Q.85 カウンセラーにいわれたアドバイスに従ったけれども、上手くいきませんでした。どうすればよいでしょうか。

よくある質問・カウンセリングの疑問

 

プロのカウンセラーが良くある質問についてお答えします。

 

カウンセラーのアドバイスが利かない?

カウンセリングではカウンセラーがクライエントにアドバイスをすることがあります。
「このように考えてみてはどうだろうか」「こんなことをしてみてはどうだろうか」
それを聞いてクライエントも、カウンセラーが言うのなら試してみよう、という方が多いと思います。

しかし、実際にアドバイス通りにしても上手くいかないことがあります。
「カウンセラーが間違っているのかな」「私の方が何か悪かったのかな」という気持ちも出てきます。
「やっぱり私にはカウンセリングは合っていないんだ」とカウンセリングを辞める方もおられます。

これは現場では頻繁に起きているかもしれません。
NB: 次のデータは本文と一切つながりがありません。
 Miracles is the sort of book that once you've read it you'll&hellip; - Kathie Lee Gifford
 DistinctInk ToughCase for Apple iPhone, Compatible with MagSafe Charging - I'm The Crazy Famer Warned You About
カウンセリングでは「アドバイスで上手くいくこと、上手くいかないこと」が混在しています。

では、どうしてこのような事態が起こるのでしょうか。

それを考えるためには、私はカウンセラーとクライエントとのあいだに認識のズレをまず確認することが必要だと思います。
そこでまず始めにどのようなズレが起きているのかを説明していきます。

カウンセラーが考える「アドバイス」とは?

カウンセリングでカウンセラーがアドバイスをするとき、どのように考えているのでしょうか。
クライエントの立場からすると、「え?そうなの?」と驚かれるかもしれませんが、実際には私は次のように考えています。

「アドバイスはあくまで参考意見であり、試してみないと結果がどうなるかはわからない」

つまり「〇〇してください」というアドバイスをした場合、「〇〇をするかどうかを本人が判断して、もし実行したら結果がどうなったかを教えてください」というニュアンスです。

そのため「アドバイス通りにしても上手くいくことも、上手くいかないこともある」のが前提です。ただしこのカウンセラーの認識が、ズレにつながるのでしょう。

クライエントとしてはカウンセラーからアドバイスを受けたとき、「対応の正解を教えてもらった」と思うでしょう。解決方法をカウンセラーにもらいたいと思っている方も多いです。それなのに「上手くいくことも、いかないこともある」といわれてしまうと、「カウンセラーは頼りない、無責任」などと、いろいろな思いが出てくることもあります。

カウンセラーは「参考意見」だと考えている。でもクライエントは「解決方法」だと思っている。ここにズレが起きやすいのです。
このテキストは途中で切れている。